Die Klägerin verlangte nach Schließung der Geburtshilfe eine Sozialplanabfindung, nachdem sie selbst gekündigt hatte. Streitentscheidend war, ob ihre Eigenkündigung als Ablehnung eines Angebots zur Fortsetzung des Arbeitsverhältnisses zu unveränderten Bedingungen zu werten ist und ob der Sozialplan Pflegekräfte gegenüber Hebammen gleichheitswidrig benachteiligt. Das Gericht verneinte einen Anspruch, weil § 2 Abs. 3 Sozialplan bei Ablehnung einer angebotenen Weiterbeschäftigung Leistungen ausschließt. Die Differenzierung sei sachlich gerechtfertigt, da Hebammen nach Schließung der Geburtshilfe ihre Tätigkeit typischerweise nicht mehr ausüben können, Pflegekräfte aber versetzbar sind.

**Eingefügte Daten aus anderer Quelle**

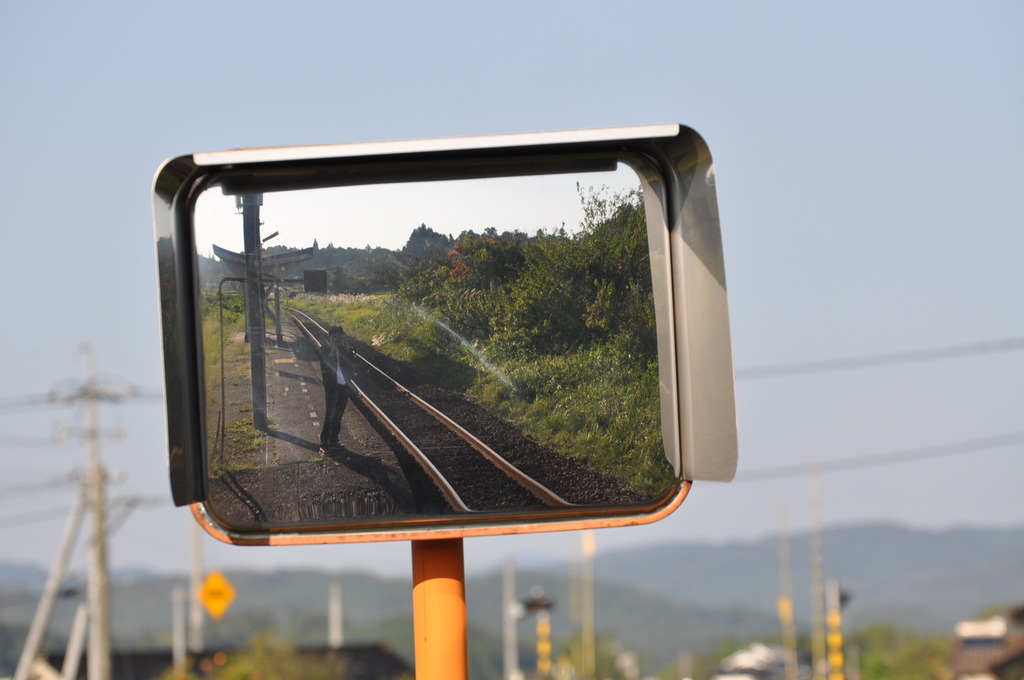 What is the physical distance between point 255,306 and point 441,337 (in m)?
0.37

Ausgang: Zahlungsklage auf Sozialplanabfindung wegen Leistungsausschlusses nach Ablehnung der Weiterbeschäftigung abgewiesen
Abstrakte Rechtssätze
Ein Sozialplan kann einen Abfindungsanspruch wirksam ausschließen, wenn dem Arbeitnehmer eine Fortsetzung des Arbeitsverhältnisses zu unveränderten Bedingungen angeboten wird und er dieses Angebot ablehnt.
Eine Eigenkündigung kann als Ablehnung eines zuvor unterbreiteten Angebots auf Weiterbeschäftigung zu unveränderten Bedingungen gewertet werden und damit einen sozialplanrechtlichen Leistungsausschluss auslösen.

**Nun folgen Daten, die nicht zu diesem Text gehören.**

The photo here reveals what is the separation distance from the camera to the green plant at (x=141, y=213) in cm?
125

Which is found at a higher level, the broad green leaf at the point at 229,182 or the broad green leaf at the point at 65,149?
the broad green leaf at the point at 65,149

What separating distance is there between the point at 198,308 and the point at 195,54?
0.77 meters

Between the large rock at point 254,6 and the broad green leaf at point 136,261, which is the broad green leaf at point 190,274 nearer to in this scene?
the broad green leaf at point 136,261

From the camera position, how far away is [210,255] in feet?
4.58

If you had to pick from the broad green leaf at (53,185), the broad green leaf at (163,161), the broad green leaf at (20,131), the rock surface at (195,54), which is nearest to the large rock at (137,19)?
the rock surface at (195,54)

Ein Abfindungsanspruch wegen Ablehnung eines anderen Arbeitsplatzes nach einer Sozialplanregelung setzt voraus, dass der Arbeitsvertrag den Arbeitnehmer ausdrücklich für den von der Betriebsänderung betroffenen Bereich festlegt.

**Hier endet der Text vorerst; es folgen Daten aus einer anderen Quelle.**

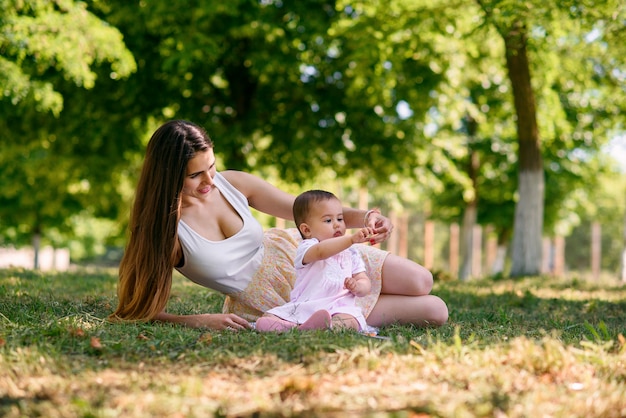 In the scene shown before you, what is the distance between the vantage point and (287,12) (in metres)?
12.4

Eine Sozialplanregelung verstößt nicht gegen den betriebsverfassungsrechtlichen Gleichbehandlungsgrundsatz, wenn sie typisierend danach differenziert, ob eine Weiterbeschäftigung im Wege des Direktionsrechts möglich ist.
Für die Rechtfertigung unterschiedlicher Gruppenbildungen im Sozialplan ist maßgeblich der Zweck, wirtschaftliche Nachteile aus der Betriebsänderung auszugleichen oder zu mildern (§ 111 BetrVG).
Vorinstanzen
Landesarbeitsgericht Köln, 7 Sa 364/18 [NACHINSTANZ]
Tenor
1. Die Klage wird abgewiesen.
2. Die Kosten des Rechtsstreits trägt die Klägerin.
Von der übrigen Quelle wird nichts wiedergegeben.